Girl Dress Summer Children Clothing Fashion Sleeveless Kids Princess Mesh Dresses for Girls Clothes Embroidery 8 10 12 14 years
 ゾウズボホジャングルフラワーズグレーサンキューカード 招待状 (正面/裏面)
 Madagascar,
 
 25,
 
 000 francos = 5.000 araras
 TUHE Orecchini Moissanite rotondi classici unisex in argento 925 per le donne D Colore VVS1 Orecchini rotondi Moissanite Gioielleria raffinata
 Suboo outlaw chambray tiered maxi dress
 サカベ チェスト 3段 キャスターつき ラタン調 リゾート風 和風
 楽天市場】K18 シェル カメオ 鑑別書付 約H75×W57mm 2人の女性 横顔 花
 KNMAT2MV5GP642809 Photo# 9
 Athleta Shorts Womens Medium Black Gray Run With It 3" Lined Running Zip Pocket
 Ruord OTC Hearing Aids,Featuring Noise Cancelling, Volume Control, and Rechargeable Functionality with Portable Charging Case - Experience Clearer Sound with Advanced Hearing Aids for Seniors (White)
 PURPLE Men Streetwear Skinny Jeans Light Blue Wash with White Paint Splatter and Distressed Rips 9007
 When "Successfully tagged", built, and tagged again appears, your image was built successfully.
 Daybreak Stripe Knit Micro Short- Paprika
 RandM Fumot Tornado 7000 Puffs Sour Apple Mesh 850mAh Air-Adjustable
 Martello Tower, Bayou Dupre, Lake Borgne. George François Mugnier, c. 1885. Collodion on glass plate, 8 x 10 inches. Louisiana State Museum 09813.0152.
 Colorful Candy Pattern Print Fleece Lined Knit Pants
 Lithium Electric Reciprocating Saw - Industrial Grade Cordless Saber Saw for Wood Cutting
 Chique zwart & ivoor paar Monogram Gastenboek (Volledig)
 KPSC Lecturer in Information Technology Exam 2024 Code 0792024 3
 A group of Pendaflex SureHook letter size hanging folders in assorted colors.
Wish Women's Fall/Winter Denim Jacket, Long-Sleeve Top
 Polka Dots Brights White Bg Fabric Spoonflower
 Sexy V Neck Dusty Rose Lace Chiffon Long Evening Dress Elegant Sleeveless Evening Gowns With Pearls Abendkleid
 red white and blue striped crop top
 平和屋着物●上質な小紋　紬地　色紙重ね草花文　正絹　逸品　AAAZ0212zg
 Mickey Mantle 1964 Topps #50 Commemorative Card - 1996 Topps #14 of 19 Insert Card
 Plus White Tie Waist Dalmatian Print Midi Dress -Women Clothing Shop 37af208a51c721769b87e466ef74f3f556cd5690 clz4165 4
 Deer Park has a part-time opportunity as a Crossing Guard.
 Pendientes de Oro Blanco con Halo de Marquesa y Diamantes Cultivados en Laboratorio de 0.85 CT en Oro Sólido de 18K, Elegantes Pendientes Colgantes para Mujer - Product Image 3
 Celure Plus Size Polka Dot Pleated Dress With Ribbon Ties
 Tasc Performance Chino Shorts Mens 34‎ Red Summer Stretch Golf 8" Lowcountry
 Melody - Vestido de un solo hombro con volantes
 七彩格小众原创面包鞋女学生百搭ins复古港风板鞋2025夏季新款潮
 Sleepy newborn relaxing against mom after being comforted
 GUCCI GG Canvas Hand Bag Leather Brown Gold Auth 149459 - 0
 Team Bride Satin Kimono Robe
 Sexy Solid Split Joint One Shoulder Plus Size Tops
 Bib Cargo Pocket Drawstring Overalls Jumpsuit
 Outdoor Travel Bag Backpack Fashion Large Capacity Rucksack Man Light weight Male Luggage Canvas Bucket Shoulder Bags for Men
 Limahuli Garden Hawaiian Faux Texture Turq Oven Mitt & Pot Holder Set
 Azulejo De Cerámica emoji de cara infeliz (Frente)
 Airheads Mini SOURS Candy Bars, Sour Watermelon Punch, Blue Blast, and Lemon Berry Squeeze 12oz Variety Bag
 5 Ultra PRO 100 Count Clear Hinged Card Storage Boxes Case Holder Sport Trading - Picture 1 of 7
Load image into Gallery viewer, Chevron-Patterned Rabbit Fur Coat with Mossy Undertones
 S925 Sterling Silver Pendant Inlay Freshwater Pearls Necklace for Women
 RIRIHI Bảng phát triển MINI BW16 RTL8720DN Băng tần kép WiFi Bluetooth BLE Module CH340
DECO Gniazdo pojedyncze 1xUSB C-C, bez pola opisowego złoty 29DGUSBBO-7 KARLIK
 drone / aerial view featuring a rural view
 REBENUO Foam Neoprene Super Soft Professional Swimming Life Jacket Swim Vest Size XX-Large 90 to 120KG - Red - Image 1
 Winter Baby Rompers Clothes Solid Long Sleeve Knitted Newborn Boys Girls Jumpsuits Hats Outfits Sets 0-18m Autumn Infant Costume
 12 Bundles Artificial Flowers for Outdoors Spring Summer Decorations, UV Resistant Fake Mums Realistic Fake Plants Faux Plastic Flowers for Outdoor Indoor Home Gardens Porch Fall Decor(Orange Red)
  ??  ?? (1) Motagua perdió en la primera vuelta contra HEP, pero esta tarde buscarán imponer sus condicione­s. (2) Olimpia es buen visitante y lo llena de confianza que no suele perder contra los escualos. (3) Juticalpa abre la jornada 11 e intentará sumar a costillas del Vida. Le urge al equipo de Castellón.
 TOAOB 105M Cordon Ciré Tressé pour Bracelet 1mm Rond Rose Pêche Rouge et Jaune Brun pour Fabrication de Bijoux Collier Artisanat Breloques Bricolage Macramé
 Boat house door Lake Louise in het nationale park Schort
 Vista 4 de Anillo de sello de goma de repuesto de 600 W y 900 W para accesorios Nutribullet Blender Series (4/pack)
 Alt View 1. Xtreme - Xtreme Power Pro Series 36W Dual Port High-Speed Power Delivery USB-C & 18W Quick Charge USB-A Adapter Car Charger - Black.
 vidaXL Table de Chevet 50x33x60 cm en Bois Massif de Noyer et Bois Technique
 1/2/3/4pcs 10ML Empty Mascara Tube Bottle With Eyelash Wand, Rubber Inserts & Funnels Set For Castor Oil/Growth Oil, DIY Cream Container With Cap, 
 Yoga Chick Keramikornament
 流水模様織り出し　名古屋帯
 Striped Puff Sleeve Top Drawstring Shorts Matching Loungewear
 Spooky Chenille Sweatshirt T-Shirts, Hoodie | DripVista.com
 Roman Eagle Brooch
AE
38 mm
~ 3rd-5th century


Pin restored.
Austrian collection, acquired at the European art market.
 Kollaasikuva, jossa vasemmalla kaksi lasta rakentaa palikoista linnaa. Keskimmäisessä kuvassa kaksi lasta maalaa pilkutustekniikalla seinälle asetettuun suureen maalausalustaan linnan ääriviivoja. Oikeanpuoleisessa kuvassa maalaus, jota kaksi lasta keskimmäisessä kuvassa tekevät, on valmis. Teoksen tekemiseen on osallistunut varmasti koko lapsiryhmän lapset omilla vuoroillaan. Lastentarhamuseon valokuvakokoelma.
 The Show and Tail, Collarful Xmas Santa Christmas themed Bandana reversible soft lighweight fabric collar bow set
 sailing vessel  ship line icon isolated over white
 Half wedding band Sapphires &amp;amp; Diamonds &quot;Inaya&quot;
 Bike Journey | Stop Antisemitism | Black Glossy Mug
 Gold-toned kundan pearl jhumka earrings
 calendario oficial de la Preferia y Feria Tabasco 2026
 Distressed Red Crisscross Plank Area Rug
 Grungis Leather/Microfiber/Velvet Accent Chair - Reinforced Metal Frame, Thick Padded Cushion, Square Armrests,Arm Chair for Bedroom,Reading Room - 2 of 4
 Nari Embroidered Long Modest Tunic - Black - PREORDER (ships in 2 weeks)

■ ■ ■ ■ ■ ■ ■

Work required:
Once you have read the data, reproduce all of it exactly.

Solution to the exercise:
Girl Dress Summer Children Clothing Fashion Sleeveless Kids Princess Mesh Dresses for Girls Clothes Embroidery 8 10 12 14 years
 ゾウズボホジャングルフラワーズグレーサンキューカード 招待状 (正面/裏面)
 Madagascar,
 
 25,
 
 000 francos = 5.000 araras
 TUHE Orecchini Moissanite rotondi classici unisex in argento 925 per le donne D Colore VVS1 Orecchini rotondi Moissanite Gioielleria raffinata
 Suboo outlaw chambray tiered maxi dress
 サカベ チェスト 3段 キャスターつき ラタン調 リゾート風 和風
 楽天市場】K18 シェル カメオ 鑑別書付 約H75×W57mm 2人の女性 横顔 花
 KNMAT2MV5GP642809 Photo# 9
 Athleta Shorts Womens Medium Black Gray Run With It 3" Lined Running Zip Pocket
 Ruord OTC Hearing Aids,Featuring Noise Cancelling, Volume Control, and Rechargeable Functionality with Portable Charging Case - Experience Clearer Sound with Advanced Hearing Aids for Seniors (White)
 PURPLE Men Streetwear Skinny Jeans Light Blue Wash with White Paint Splatter and Distressed Rips 9007
 When "Successfully tagged", built, and tagged again appears, your image was built successfully.
 Daybreak Stripe Knit Micro Short- Paprika
 RandM Fumot Tornado 7000 Puffs Sour Apple Mesh 850mAh Air-Adjustable
 Martello Tower, Bayou Dupre, Lake Borgne. George François Mugnier, c. 1885. Collodion on glass plate, 8 x 10 inches. Louisiana State Museum 09813.0152.
 Colorful Candy Pattern Print Fleece Lined Knit Pants
 Lithium Electric Reciprocating Saw - Industrial Grade Cordless Saber Saw for Wood Cutting
 Chique zwart & ivoor paar Monogram Gastenboek (Volledig)
 KPSC Lecturer in Information Technology Exam 2024 Code 0792024 3
 A group of Pendaflex SureHook letter size hanging folders in assorted colors.
Wish Women's Fall/Winter Denim Jacket, Long-Sleeve Top
 Polka Dots Brights White Bg Fabric Spoonflower
 Sexy V Neck Dusty Rose Lace Chiffon Long Evening Dress Elegant Sleeveless Evening Gowns With Pearls Abendkleid
 red white and blue striped crop top
 平和屋着物●上質な小紋　紬地　色紙重ね草花文　正絹　逸品　AAAZ0212zg
 Mickey Mantle 1964 Topps #50 Commemorative Card - 1996 Topps #14 of 19 Insert Card
 Plus White Tie Waist Dalmatian Print Midi Dress -Women Clothing Shop 37af208a51c721769b87e466ef74f3f556cd5690 clz4165 4
 Deer Park has a part-time opportunity as a Crossing Guard.
 Pendientes de Oro Blanco con Halo de Marquesa y Diamantes Cultivados en Laboratorio de 0.85 CT en Oro Sólido de 18K, Elegantes Pendientes Colgantes para Mujer - Product Image 3
 Celure Plus Size Polka Dot Pleated Dress With Ribbon Ties
 Tasc Performance Chino Shorts Mens 34‎ Red Summer Stretch Golf 8" Lowcountry
 Melody - Vestido de un solo hombro con volantes
 七彩格小众原创面包鞋女学生百搭ins复古港风板鞋2025夏季新款潮
 Sleepy newborn relaxing against mom after being comforted
 GUCCI GG Canvas Hand Bag Leather Brown Gold Auth 149459 - 0
 Team Bride Satin Kimono Robe
 Sexy Solid Split Joint One Shoulder Plus Size Tops
 Bib Cargo Pocket Drawstring Overalls Jumpsuit
 Outdoor Travel Bag Backpack Fashion Large Capacity Rucksack Man Light weight Male Luggage Canvas Bucket Shoulder Bags for Men
 Limahuli Garden Hawaiian Faux Texture Turq Oven Mitt & Pot Holder Set
 Azulejo De Cerámica emoji de cara infeliz (Frente)
 Airheads Mini SOURS Candy Bars, Sour Watermelon Punch, Blue Blast, and Lemon Berry Squeeze 12oz Variety Bag
 5 Ultra PRO 100 Count Clear Hinged Card Storage Boxes Case Holder Sport Trading - Picture 1 of 7
Load image into Gallery viewer, Chevron-Patterned Rabbit Fur Coat with Mossy Undertones
 S925 Sterling Silver Pendant Inlay Freshwater Pearls Necklace for Women
 RIRIHI Bảng phát triển MINI BW16 RTL8720DN Băng tần kép WiFi Bluetooth BLE Module CH340
DECO Gniazdo pojedyncze 1xUSB C-C, bez pola opisowego złoty 29DGUSBBO-7 KARLIK
 drone / aerial view featuring a rural view
 REBENUO Foam Neoprene Super Soft Professional Swimming Life Jacket Swim Vest Size XX-Large 90 to 120KG - Red - Image 1
 Winter Baby Rompers Clothes Solid Long Sleeve Knitted Newborn Boys Girls Jumpsuits Hats Outfits Sets 0-18m Autumn Infant Costume
 12 Bundles Artificial Flowers for Outdoors Spring Summer Decorations, UV Resistant Fake Mums Realistic Fake Plants Faux Plastic Flowers for Outdoor Indoor Home Gardens Porch Fall Decor(Orange Red)
  ??  ?? (1) Motagua perdió en la primera vuelta contra HEP, pero esta tarde buscarán imponer sus condicione­s. (2) Olimpia es buen visitante y lo llena de confianza que no suele perder contra los escualos. (3) Juticalpa abre la jornada 11 e intentará sumar a costillas del Vida. Le urge al equipo de Castellón.
 TOAOB 105M Cordon Ciré Tressé pour Bracelet 1mm Rond Rose Pêche Rouge et Jaune Brun pour Fabrication de Bijoux Collier Artisanat Breloques Bricolage Macramé
 Boat house door Lake Louise in het nationale park Schort
 Vista 4 de Anillo de sello de goma de repuesto de 600 W y 900 W para accesorios Nutribullet Blender Series (4/pack)
 Alt View 1. Xtreme - Xtreme Power Pro Series 36W Dual Port High-Speed Power Delivery USB-C & 18W Quick Charge USB-A Adapter Car Charger - Black.
 vidaXL Table de Chevet 50x33x60 cm en Bois Massif de Noyer et Bois Technique
 1/2/3/4pcs 10ML Empty Mascara Tube Bottle With Eyelash Wand, Rubber Inserts & Funnels Set For Castor Oil/Growth Oil, DIY Cream Container With Cap, 
 Yoga Chick Keramikornament
 流水模様織り出し　名古屋帯
 Striped Puff Sleeve Top Drawstring Shorts Matching Loungewear
 Spooky Chenille Sweatshirt T-Shirts, Hoodie | DripVista.com
 Roman Eagle Brooch
AE
38 mm
~ 3rd-5th century


Pin restored.
Austrian collection, acquired at the European art market.
 Kollaasikuva, jossa vasemmalla kaksi lasta rakentaa palikoista linnaa. Keskimmäisessä kuvassa kaksi lasta maalaa pilkutustekniikalla seinälle asetettuun suureen maalausalustaan linnan ääriviivoja. Oikeanpuoleisessa kuvassa maalaus, jota kaksi lasta keskimmäisessä kuvassa tekevät, on valmis. Teoksen tekemiseen on osallistunut varmasti koko lapsiryhmän lapset omilla vuoroillaan. Lastentarhamuseon valokuvakokoelma.
 The Show and Tail, Collarful Xmas Santa Christmas themed Bandana reversible soft lighweight fabric collar bow set
 sailing vessel  ship line icon isolated over white
 Half wedding band Sapphires &amp;amp; Diamonds &quot;Inaya&quot;
 Bike Journey | Stop Antisemitism | Black Glossy Mug
 Gold-toned kundan pearl jhumka earrings
 calendario oficial de la Preferia y Feria Tabasco 2026
 Distressed Red Crisscross Plank Area Rug
 Grungis Leather/Microfiber/Velvet Accent Chair - Reinforced Metal Frame, Thick Padded Cushion, Square Armrests,Arm Chair for Bedroom,Reading Room - 2 of 4
 Nari Embroidered Long Modest Tunic - Black - PREORDER (ships in 2 weeks)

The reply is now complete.